The S&P ESG Index family is the first global family of smart beta indices based purely on ESG research. Traditional sustainability indices are typically based on a sub-selection of components from a benchmark universe, based on companies’ ESG rating. But the S&P ESG Index family follows a different approach previously used in factor investing. The index methodology uses the same components as the underlying benchmark index but weights the components purely according to their ESG profile instead of using free-float market-cap weights. The goal is to achieve better risk-adjusted returns than the underlying benchmark in the long run.
 
The index uses the Smart ESG methodology developed by RobecoSAM to improve risk-adjusted returns.

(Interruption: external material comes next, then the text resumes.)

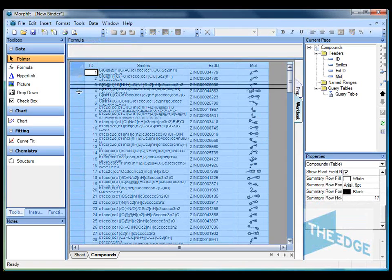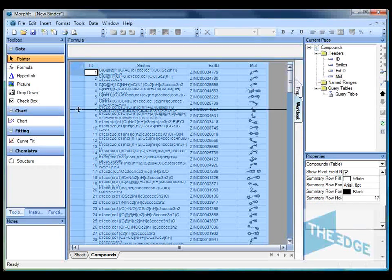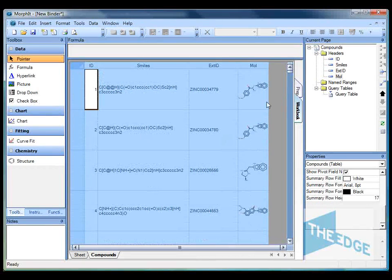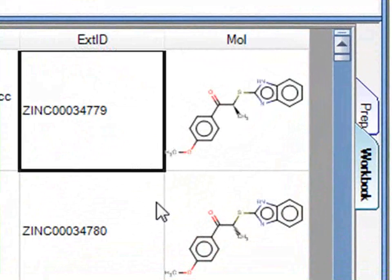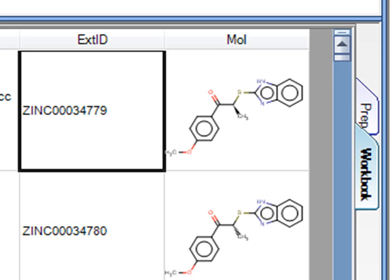So if I then increase the size of the cells you can then see a nice high quality rendering of all the structures in these smiles codes.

The Smart ESG methodology aims to turn RobecoSAM’s Corporate Sustainability Assessment methodology – used since 1999 – into an unbiased performance factor by applying two key steps:

  1. Remove biases in the ESG data that typically affect the financial performance of ESG data – particularly biases in terms of region, sector, company size and other common factors.
  2. Enhance the financial materiality of the ESG scoring process by systematically overweighting ESG indicators that have contributed positively to stock performance in a risk factor analysis.

The resulting ESG factor scores are uncorrelated to all traditional factors and are therefore applied in the S&P ESG Index family as a stand-alone performance factor.